Category: LeetCode Programming
Difficulty: Medium

#114 🗺️ 1765. Map of Highest Peak 🚀🧠

Assigning heights to a matrix may sound straightforward, but this problem adds a fun twist with rules that require thought and logic! 🤔 Let’s explore this engaging problem with examples, solutions, and walkthroughs! 💡


Problem Statement 📜

We are given an integer matrix isWater of size m x n that represents a map where:

  • isWater[i][j] == 0: Cell (i, j) is land.
  • isWater[i][j] == 1: Cell (i, j) is water.

The goal is to assign heights to every cell in the matrix such that:

  1. Heights are non-negative.
  2. Water cells have a height of 0.
  3. The absolute difference between the heights of adjacent cells (north, south, east, or west) is at most 1.

Our task is to maximize the maximum height in the matrix while following these rules.

Return a matrix height where height[i][j] represents the height of cell (i, j).


Examples 🖼️

Example 1

Input:

isWater = [[0,1],
           [0,0]]

Output:

[[1,0],
 [2,1]]

Explanation:

  • The water cell at (0,1) has a height of 0.
  • Land cells are assigned increasing heights moving away from water.

Example 2

Input:

isWater = [[0,0,1],
           [1,0,0],
           [0,0,0]]

Output:

[[1,1,0],
 [0,1,1],
 [1,2,2]]

Explanation:

  • Heights increase as we move away from water cells, while maintaining adjacency rules.

Constraints ⚙️

  • \[1 \leq m, n \leq 1000\]
  • \[isWater[i][j] \in \{0, 1\}\]
  • There is at least one water cell.

Approach 💡

The heart of solving this problem lies in leveraging Breadth-First Search (BFS) effectively. To understand this better, let’s break down the problem into smaller components and explore the approach in detail.


Key Observations 🔍

  1. Water Cells as the Starting Point:
    Since water cells have a height of 0, they serve as the “roots” of our BFS. From these points, we propagate outward, incrementing the height as we move further away.

  2. Adjacent Rules:
    The problem imposes an adjacency rule that the height difference between two neighboring cells must not exceed 1. BFS ensures that as we process cells level by level, the smallest valid height is assigned to each cell.

  3. Optimization Through BFS:
    BFS guarantees that the first time we encounter a cell, we are processing it with the smallest possible height. This avoids redundant checks and ensures correctness.
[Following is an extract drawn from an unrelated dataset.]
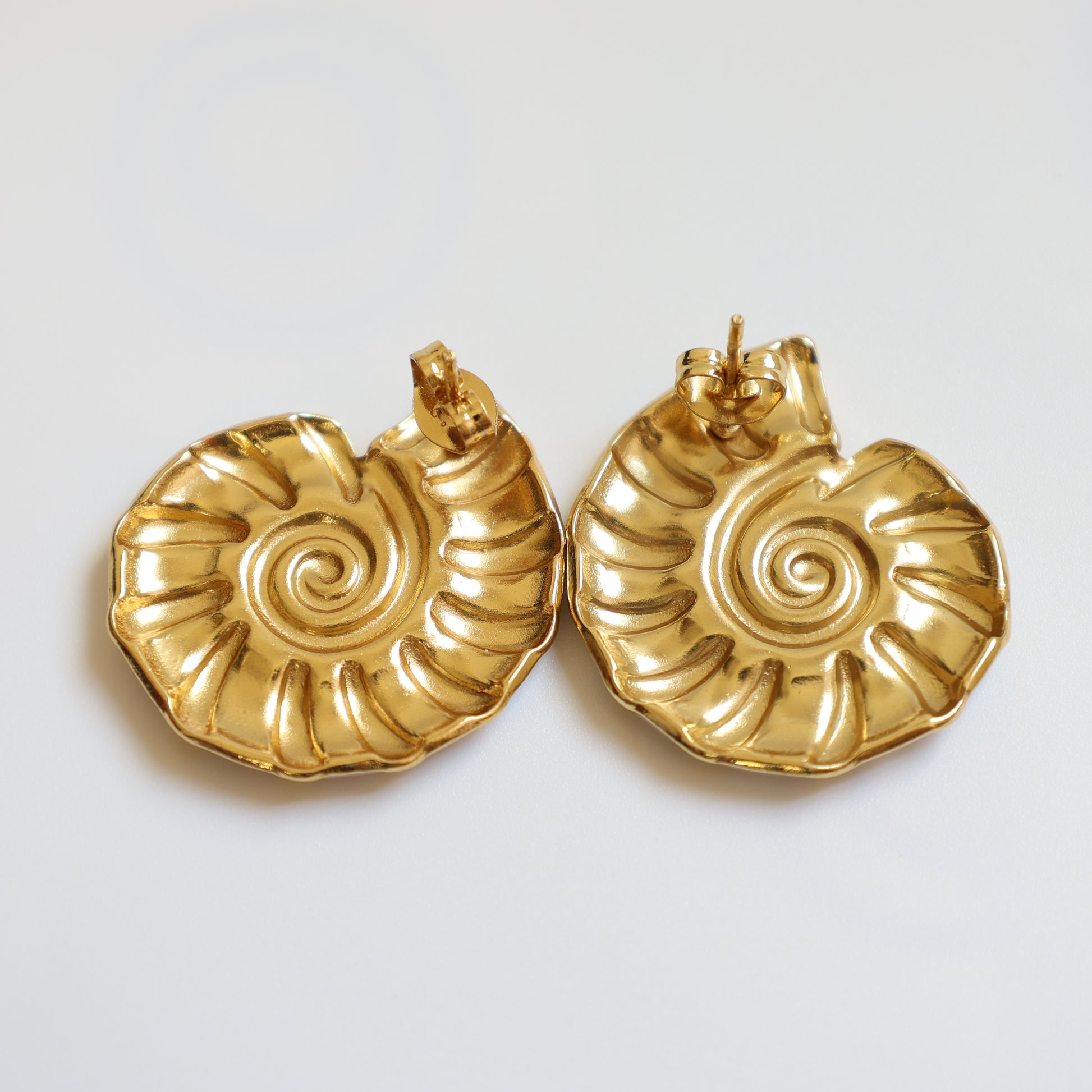 Conch Shell Stud Earrings - image 6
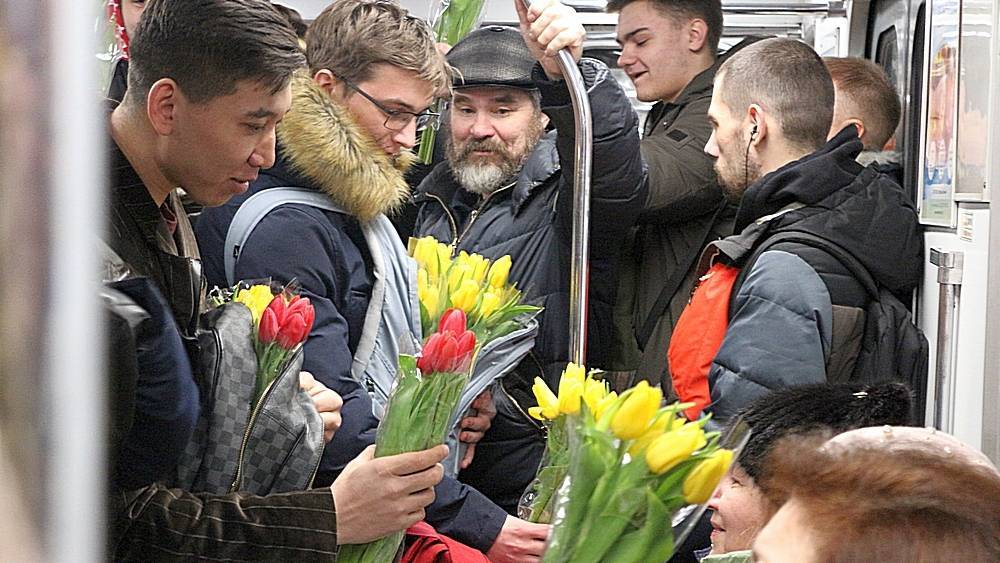 Депутат Рады заявил о невозможности запретить украинцам поздравлять женщин с 8 Марта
How BFS Works in This Context 🛠️

The BFS here operates as a multi-source BFS:

  • Multi-Source: All water cells (isWater[i][j] == 1) are treated as starting points.
  • Propagation: Heights are propagated level by level, ensuring minimum height differences between adjacent cells.

Step-by-Step Approach 🧭

1. Initialization

  • Create a height matrix of the same size as isWater and initialize all cells to -1, indicating they are unvisited.
  • Identify all water cells (isWater[i][j] == 1) and set their height to 0. Add these cells to a queue as the starting points for BFS.

2. BFS Traversal

  • Use a queue to store the cells to be processed, starting with the water cells.
  • Define the four possible directions of movement (north, south, east, west) as a list of coordinate offsets: [(-1, 0), (1, 0), (0, -1), (0, 1)].
  • For each cell in the queue:
    1. Pop the cell (x, y) from the front of the queue.
    2. For each neighbor (nx, ny) (calculated using the direction offsets):
      • Check if (nx, ny) is within bounds and unvisited (height[nx][ny] == -1).
      • Assign the neighbor’s height as height[x][y] + 1.
      • Add (nx, ny) to the queue for further processing.

3. Termination

  • The BFS completes when all cells have been visited and assigned heights. At this point, the height matrix contains the desired solution.

Why BFS? 🤔

Using BFS ensures the following:

  1. Minimal Heights: BFS explores all neighbors of a cell before moving further outward, ensuring that each cell receives the smallest valid height.
  2. Efficiency: Each cell is visited only once, making BFS computationally efficient for this problem.
  3. Natural Propagation: Heights naturally increase as BFS explores cells farther from the water sources.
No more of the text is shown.